At last, the frigate signalled back to its base, “One crew member from the derelict, dead, in custody of Lunar Recovery Tycho.”
2357-03-03 23:40
Never
A few minutes later the recovery crew reached their own ship. The static was clearing as the explosion thinned and we got a garbled message, “... logs recovered... elderly woman... last log entry attached.” After a long pause for the transmission to be received intact, the log entry popped up in an adjacent window.
An elderly woman’s face appeared, disfigured by a cancerous growth and by spots and lines that no one on Earth had suffered in a hundred years. She spoke a language that made the auto-translator stumble and retry several times, a mix that it identified as Russian, Haida and Dene. I would have to look up the latter two, which I had never heard of in all my years in space. The final transcript read, “Clan Skidgate gives (thanks/gratitude) for occasion to bring help. The Belt sends you warning of (storm/wind/anger) coming bad. This you recognize. This you (deal/work/understand) well. The Belt is faithful. Remember us when you come to your home kingdom.”
I looked over at Sergei. “Can you make anything much of that?”
He frowned and appeared to be running through the message again. “The word it translates as ‘Belt’ is from Russian and seems to be translated correctly. The last sentence is also mostly from Russian and sounds like a religious phrase. The rest seems to be a warning of impending disaster, which she somehow thinks we will understand.”
I looked at the ravaged face, which seemed peaceful and concerned rather than fearful or desperate. “The whole message is a warning, in all of its parts. The tiny bomb that could have been much more powerful was clearly designed to avoid killing anyone. She knew we could handle it, that the rescue teams were familiar with unstable reactor explosions. Just like the bomb on the Fairy Dust. Raul, can we get an isotopic signature of the uranium and plutonium in that bomb? It might help us determine where it was made. Sergei, anyone, was that word ‘faithful’ properly translated? Could it mean ‘loyal’, ‘law-abiding’ or ‘obedient’? Does anybody recognize ‘Clan Skidgate’?”
Evgenia responded. “I spent some time on the northwest coast of Noram. Haida is the language used by the people of a large island off the coast. I just did a check in the translator’s database for Haida, and the translation that appears as ‘faithful’ seems to mean they are loyal to a higher principle or order, not to a political or cultural leader. She is not likely claiming loyalty to the Terrestrial Council, and probably not to the Martian Imperium. The last sentence paraphrases a passage from the New Testament in which the thief dying on the cross next to Jesus asks Him for help when He recovers his true, divine status. I would guess that she is warning the people of the Earth of an impending disaster, but expects us to survive the time of trouble and is hoping we will remember her warning and send help when we recover.”

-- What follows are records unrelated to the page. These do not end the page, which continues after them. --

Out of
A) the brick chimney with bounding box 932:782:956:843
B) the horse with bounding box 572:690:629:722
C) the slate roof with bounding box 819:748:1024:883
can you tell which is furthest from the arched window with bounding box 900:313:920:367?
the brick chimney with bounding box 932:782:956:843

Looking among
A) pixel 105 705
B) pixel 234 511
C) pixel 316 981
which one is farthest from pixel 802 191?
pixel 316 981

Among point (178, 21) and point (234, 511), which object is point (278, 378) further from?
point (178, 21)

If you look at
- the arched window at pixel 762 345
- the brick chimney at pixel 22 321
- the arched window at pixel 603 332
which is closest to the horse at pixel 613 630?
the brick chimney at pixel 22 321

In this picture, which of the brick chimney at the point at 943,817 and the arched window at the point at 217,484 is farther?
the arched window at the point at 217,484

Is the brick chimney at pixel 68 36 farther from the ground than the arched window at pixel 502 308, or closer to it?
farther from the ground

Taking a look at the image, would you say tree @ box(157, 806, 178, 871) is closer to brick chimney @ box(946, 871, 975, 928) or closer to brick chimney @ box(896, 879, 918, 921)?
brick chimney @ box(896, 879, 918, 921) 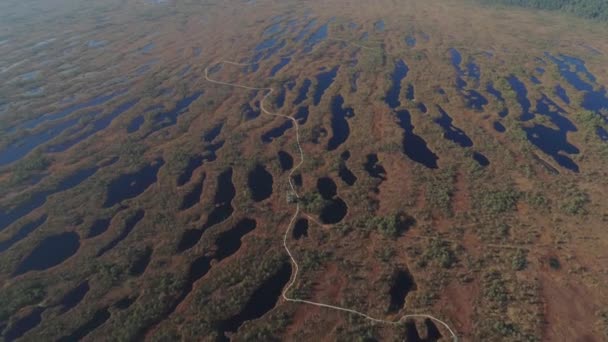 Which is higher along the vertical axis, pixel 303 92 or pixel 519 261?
pixel 303 92

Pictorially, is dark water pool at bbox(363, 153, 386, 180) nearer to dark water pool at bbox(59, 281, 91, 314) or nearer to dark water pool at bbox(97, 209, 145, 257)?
dark water pool at bbox(97, 209, 145, 257)

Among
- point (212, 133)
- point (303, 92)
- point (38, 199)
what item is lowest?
point (38, 199)

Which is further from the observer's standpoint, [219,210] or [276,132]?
[276,132]

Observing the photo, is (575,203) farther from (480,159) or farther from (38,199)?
(38,199)

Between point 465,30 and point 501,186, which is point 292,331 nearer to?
point 501,186

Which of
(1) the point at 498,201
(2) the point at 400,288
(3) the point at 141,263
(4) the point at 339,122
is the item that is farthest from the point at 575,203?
(3) the point at 141,263

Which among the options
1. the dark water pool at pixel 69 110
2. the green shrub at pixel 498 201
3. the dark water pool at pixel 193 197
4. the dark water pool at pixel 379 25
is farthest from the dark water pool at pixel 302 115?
the dark water pool at pixel 379 25

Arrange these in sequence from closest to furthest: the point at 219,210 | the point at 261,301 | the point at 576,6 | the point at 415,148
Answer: the point at 261,301, the point at 219,210, the point at 415,148, the point at 576,6

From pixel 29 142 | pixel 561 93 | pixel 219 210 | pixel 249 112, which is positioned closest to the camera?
pixel 219 210

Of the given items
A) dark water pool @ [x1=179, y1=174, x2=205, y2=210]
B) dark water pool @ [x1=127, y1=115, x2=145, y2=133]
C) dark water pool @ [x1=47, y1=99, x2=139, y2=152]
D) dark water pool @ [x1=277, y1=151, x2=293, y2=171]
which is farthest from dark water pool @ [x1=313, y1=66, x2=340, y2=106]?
dark water pool @ [x1=47, y1=99, x2=139, y2=152] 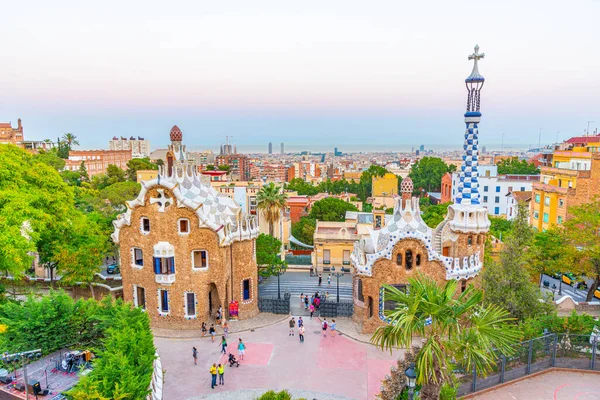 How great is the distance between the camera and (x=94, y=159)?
116625 millimetres

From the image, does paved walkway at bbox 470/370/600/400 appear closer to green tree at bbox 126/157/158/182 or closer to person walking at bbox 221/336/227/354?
person walking at bbox 221/336/227/354

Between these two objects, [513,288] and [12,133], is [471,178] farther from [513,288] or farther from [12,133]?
[12,133]

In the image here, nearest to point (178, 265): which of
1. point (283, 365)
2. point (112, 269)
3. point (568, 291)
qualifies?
point (283, 365)

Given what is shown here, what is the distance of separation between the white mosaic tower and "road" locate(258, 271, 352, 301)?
1153cm

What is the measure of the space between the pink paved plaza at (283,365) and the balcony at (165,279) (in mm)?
3511

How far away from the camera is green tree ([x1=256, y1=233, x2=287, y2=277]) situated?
115ft

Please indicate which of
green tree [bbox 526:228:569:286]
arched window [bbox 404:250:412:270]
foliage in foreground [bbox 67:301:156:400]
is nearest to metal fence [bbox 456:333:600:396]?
arched window [bbox 404:250:412:270]

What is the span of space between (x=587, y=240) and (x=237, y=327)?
26054mm

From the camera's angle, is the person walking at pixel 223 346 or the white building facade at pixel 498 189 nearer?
the person walking at pixel 223 346

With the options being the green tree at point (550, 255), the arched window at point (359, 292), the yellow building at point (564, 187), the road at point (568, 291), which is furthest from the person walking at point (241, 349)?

That was pretty much the gist of what I had got, too, but only left me more puzzled. “Sergei, it is possible that the Belt has factions like Mars? Clan Skidgate sounds like one of the Martian family-based factions, but I do not recognize the name. Could this be some bizarre message from a Belter faction unrelated to the Imperium? Or, for that matter, from the Imperium itself, trying to confuse us?”
Sergei looked at me like he did not understand the question. “There were a lot of Belters on Mars when I was there. Almost a third of the population were former Belters and they grouped into their own factions just like all the other Martians. Belter corporations backed their factions just like Martian corporations backed Martian factions. There were regular fights between Belter factions and the other Martians. They seemed to have a finger in everything and were no more helpful that the Martians themselves. Weirder if anything. I did not speak to them any more than I spoke to the Martians. They seemed to have lots of money, but were always desperate for new sources of food and medicine. Are you saying that in all the time you spent on Mars, you never met Belters? They were everywhere.”
Now it was my turn to be puzzled. “I only met a few Belters, and most of those worked for the Governor or were students at the Martian Academy. So far as I was aware, the families of the Belter students I met all worked for normal Martian-registered companies. I do not recall ever meeting one of the wild Belters.
“But I am also bothered by your estimate that they comprise a third of the population. The Counterstrike knocked the population from forty million down to a little more than twenty-five million. I had assumed the population of Mars had rebound back to thirty million as people had more children. If you are right in that estimate, the pre-existing population of Mars has dropped to twenty million and they are making up the loss through immigration from the Belt. Ten million is far more people than I ever imagined were living in the Belt.”
Sergei shook his head, “I spoke in round numbers, but, yes, the Belters form a large fraction of the current population. As best I could tell, among the native-born Martians only the young ones are still having children, people who themselves were children during the Incursion. The Counterstrike destroyed most of the Gene Repositories in major cities, so the older population cannot have children any more. I am not sure what was happening out on the farms and remote factories where people did not have access to those repositories.”
I thought silently for a while. Prior to the Counterstrike, almost a million people had died in the violence, which I had exacerbated during my career as the Assassin. Almost fourteen million died in the Counterstrike itself and another five million since then, probably from lingering radiation and food shortages. Now I learned that, however inadvertently, I had effectively castrated any survivor who was old enough to work on the surface. It was hardly a wonder that the Ghost was hated so violently by everyone on Mars.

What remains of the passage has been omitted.